A Pixar é famosa por fazer coisas incapazes de expressar emoções — robôs, carros, brinquedos — e imaginar um mundo onde eles possam, de fato, sentir. O último lançamento do estúdio, Divertida Mente, nos leva para dentro da cabeça de uma menina de 11 anos, chamada Riley, mostrando como seria se os próprios sentimentos dela pudessem, também, ter sentimentos.

O filme nos mostra o cérebro de Riley como sendo um quartel-general, controlado por cinco emoções principais: Alegria, Nojinho, Raiva, Medo e Tristeza. Tudo é perfeitamente administrado pela Alegria até que uma mudança brusca de vida — a troca de cidade — parece fazer com que tudo perca o controle e desmorone.

Apesar de ser um filme infantil, Divertida Mente atraiu um grande público adulto por trazer ensinamentos sobre nossas emoções que servem para todos, principalmente para estudantes de Psicologia, que podem ver muito do que é aprendido em sala de aula, dentro da animação.

Veja abaixo quais fundamentos psicológicos os produtores do filme acertaram e como isso pode mudar a maneira como estudamos nossas emoções.

1. Emoções são críticas na maneira como vemos o mundo

A primeira teoria da Psicologia que o filme abordou corretamente é que as emoções de uma pessoa realmente afetam a percepção dela, sua atenção, suas memórias e seus julgamentos. Elas guiam como alguém lida com as circunstâncias realmente importantes de sua vida, como mudanças de ambiente e o envelhecimento.
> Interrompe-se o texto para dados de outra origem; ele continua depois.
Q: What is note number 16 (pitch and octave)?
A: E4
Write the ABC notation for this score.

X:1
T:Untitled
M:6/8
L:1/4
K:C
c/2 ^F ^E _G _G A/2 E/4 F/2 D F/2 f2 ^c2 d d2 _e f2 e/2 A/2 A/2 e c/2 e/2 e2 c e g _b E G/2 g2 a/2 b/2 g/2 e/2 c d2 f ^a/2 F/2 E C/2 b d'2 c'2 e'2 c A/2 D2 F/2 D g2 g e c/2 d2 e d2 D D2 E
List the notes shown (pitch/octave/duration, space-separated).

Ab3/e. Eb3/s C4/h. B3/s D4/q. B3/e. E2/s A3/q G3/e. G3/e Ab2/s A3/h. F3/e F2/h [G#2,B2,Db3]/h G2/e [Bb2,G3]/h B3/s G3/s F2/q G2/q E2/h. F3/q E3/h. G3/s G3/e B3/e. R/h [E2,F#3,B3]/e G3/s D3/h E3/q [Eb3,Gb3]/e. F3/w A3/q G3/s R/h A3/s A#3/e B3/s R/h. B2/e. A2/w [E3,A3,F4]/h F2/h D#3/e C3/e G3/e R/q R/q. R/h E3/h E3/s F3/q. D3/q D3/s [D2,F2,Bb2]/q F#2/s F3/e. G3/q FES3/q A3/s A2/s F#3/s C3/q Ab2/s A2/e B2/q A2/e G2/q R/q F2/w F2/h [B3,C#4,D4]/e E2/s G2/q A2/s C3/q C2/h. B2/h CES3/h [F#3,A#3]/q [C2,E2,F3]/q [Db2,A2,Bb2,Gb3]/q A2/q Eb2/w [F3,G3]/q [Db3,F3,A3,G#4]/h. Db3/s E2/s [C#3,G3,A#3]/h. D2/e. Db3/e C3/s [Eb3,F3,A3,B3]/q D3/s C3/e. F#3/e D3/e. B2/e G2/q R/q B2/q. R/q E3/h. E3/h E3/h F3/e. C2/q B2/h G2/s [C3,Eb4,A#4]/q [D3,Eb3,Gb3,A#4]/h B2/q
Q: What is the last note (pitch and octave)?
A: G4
É o caso de Riley com a troca de cidade. Antes, ela era uma menina superpositiva ou “happy girl” (menina alegre), como seus pais carinhosamente a chamavam. Mas, à medida que a adaptação à mudança não vai saindo da melhor maneira, a positividade dela diminui, mudando a percepção das coisas à sua volta.

2. Os sentimentos formam as relações interpessoais

Não só as emoções são importantes na forma como alguém percebe o que acontece à sua volta, como também são cruciais na maneira como esta pessoa se relaciona em sociedade.

Por exemplo, se alguém está apaixonado, tudo o que fizer com aquela euforia típica do amor, como comprar flores, recitar um poema ou tocar o cabelo do outro, estará contaminado por esse sentimento e determinará esses padrões de como essa pessoa manterá suas demais relações interpessoais.

No caso de Riley, o mix de sentimentos que ela estava sentindo após um primeiro dia ruim na nova escola faz com que suas reações a uma simples conversa com seus pais fossem, também, ruins, culminando em uma briga.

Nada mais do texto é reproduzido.